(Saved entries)
* * * * * * * * *
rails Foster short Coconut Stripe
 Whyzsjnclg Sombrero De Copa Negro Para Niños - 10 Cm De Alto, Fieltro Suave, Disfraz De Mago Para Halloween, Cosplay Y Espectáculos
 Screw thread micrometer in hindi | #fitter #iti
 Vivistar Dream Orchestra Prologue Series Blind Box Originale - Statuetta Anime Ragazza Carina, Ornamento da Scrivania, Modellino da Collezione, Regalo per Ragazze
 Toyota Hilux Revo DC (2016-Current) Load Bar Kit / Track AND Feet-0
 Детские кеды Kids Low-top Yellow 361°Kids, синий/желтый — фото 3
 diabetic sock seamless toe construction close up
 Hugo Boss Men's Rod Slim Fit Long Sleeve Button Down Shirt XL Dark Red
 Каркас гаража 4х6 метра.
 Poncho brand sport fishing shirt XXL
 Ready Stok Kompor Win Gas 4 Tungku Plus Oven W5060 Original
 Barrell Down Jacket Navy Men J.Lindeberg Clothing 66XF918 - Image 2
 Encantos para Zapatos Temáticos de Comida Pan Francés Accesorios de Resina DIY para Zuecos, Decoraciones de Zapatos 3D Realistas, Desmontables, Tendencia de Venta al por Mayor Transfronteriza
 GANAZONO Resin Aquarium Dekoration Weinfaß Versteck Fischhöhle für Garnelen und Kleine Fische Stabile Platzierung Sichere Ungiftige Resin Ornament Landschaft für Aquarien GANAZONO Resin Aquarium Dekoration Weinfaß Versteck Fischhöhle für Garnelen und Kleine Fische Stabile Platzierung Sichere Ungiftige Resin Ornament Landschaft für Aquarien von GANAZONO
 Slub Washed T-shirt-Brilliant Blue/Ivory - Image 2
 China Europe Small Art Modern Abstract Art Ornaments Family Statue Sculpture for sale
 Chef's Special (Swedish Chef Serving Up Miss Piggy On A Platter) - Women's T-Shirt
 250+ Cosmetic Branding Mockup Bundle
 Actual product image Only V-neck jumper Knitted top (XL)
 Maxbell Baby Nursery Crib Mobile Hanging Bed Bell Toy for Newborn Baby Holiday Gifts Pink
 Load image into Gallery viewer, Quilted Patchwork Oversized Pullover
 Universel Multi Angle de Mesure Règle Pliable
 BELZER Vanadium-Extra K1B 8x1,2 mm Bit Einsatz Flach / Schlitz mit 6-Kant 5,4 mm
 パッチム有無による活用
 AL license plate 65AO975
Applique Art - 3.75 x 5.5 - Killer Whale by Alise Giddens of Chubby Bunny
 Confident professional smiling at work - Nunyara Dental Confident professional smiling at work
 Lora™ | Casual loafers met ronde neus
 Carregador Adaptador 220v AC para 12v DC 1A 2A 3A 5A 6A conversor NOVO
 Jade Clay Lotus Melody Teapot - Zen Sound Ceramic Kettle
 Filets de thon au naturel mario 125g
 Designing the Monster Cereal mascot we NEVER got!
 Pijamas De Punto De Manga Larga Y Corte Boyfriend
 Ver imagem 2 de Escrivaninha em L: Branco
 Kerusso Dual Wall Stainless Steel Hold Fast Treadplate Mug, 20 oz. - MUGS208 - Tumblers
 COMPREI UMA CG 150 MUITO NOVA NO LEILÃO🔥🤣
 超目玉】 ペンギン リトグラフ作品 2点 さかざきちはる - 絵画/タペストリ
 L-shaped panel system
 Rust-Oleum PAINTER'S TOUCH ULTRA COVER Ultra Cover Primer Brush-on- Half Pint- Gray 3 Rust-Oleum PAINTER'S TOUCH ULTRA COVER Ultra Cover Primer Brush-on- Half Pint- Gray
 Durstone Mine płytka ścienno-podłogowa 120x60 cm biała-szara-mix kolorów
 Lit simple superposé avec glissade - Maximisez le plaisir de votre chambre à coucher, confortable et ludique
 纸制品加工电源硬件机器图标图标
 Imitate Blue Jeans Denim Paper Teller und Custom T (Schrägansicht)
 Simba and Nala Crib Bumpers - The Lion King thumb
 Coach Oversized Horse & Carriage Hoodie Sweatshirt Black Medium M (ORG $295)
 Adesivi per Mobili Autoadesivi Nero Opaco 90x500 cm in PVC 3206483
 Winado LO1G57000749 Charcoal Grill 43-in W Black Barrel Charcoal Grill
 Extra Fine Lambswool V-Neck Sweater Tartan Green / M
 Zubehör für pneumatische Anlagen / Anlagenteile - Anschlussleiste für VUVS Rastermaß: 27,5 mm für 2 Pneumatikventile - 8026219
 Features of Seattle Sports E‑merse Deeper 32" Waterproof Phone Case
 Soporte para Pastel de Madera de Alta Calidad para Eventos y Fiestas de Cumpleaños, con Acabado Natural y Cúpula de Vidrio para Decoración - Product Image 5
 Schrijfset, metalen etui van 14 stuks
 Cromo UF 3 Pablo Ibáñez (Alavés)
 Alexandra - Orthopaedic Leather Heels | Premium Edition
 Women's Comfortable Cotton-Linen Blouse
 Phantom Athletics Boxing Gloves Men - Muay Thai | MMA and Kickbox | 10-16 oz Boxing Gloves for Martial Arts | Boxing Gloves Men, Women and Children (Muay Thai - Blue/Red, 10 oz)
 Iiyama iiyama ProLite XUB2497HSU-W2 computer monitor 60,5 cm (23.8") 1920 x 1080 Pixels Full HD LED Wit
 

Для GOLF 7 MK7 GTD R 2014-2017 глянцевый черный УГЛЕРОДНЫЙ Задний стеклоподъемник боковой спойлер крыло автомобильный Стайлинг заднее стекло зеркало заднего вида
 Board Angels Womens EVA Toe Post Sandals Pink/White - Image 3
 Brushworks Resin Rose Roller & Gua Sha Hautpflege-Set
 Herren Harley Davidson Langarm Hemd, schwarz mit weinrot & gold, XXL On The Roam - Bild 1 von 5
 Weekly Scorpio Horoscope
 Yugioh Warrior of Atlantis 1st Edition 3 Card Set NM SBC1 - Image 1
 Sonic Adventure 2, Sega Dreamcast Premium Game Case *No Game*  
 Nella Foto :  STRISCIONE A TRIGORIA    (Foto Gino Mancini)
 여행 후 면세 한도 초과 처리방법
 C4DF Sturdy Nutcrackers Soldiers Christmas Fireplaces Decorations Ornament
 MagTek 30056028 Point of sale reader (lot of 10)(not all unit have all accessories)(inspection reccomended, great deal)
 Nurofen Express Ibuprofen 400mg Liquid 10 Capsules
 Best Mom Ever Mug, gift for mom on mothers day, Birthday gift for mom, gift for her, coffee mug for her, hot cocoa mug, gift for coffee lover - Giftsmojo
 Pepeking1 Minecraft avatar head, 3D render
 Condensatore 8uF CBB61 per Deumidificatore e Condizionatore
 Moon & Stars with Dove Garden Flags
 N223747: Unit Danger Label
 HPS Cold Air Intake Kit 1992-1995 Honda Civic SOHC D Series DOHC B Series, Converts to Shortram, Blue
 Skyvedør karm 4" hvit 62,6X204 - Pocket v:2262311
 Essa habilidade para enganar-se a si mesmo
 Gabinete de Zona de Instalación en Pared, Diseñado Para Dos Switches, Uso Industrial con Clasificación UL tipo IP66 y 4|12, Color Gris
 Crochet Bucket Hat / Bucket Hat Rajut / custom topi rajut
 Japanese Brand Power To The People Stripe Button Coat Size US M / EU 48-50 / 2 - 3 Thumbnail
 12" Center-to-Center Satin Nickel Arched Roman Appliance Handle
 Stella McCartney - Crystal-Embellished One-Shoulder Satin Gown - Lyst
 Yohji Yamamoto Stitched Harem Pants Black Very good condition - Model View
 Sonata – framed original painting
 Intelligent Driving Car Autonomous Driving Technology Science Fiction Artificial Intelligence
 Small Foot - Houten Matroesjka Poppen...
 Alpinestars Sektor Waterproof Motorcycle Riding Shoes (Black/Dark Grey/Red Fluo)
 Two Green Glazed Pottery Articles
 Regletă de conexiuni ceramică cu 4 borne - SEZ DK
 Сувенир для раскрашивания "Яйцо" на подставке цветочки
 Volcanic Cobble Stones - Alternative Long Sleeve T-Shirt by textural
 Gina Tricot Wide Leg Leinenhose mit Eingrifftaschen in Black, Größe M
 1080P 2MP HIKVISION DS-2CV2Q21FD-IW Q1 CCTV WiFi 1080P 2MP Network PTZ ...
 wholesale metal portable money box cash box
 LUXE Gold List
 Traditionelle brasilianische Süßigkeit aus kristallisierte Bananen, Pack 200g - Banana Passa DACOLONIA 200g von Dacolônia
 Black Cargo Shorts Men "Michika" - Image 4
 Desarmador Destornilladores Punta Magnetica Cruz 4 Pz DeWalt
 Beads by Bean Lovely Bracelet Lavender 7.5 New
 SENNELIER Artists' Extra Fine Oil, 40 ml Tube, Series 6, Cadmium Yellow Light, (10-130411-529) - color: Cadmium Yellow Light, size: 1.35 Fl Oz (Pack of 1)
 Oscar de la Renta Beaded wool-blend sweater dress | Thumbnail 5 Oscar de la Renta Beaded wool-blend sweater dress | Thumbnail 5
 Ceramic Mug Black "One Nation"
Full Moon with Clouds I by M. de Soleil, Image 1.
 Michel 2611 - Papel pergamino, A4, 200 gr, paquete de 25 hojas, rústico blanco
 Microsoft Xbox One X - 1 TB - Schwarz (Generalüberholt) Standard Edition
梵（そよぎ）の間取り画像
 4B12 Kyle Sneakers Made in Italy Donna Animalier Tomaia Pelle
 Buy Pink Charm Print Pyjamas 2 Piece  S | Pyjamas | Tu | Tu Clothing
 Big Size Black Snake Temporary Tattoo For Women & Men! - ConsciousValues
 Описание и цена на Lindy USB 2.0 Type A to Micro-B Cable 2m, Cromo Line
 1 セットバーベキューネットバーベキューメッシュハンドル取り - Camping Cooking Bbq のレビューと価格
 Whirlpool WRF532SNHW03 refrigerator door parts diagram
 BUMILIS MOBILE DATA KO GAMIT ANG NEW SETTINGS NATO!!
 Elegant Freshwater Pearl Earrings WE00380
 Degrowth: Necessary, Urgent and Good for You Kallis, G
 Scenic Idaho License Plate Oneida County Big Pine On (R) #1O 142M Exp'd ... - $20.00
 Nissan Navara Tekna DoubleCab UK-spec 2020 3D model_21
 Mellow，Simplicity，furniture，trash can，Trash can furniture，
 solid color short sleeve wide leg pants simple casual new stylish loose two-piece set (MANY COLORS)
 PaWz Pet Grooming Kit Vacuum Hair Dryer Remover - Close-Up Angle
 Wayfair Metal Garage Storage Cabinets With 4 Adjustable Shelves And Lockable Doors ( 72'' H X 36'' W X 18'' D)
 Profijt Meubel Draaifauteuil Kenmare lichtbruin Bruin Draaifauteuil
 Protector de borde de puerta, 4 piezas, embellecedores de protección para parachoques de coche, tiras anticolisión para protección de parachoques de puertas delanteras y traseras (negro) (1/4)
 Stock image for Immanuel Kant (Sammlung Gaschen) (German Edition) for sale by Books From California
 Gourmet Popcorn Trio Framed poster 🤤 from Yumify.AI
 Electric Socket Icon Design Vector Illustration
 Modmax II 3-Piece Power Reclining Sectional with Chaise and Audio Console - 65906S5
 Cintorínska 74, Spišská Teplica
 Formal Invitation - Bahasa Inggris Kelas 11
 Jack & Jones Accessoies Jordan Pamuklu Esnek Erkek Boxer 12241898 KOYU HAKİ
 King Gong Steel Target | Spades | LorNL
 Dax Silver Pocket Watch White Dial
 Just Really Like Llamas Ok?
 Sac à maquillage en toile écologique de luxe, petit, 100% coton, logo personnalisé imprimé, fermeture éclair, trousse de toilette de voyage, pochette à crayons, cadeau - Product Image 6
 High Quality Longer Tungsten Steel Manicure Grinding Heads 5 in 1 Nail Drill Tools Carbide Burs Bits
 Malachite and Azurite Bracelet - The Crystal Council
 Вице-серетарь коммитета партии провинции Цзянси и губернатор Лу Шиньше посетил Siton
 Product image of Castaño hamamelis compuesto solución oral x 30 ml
* * * * * * * * *
TASK TO CARRY OUT:
Out of the preceding entries, pull each line that contains the word "Case".

EXERCISE SOLUTION:
 Features of Seattle Sports E‑merse Deeper 32" Waterproof Phone Case
 Sonic Adventure 2, Sega Dreamcast Premium Game Case *No Game*  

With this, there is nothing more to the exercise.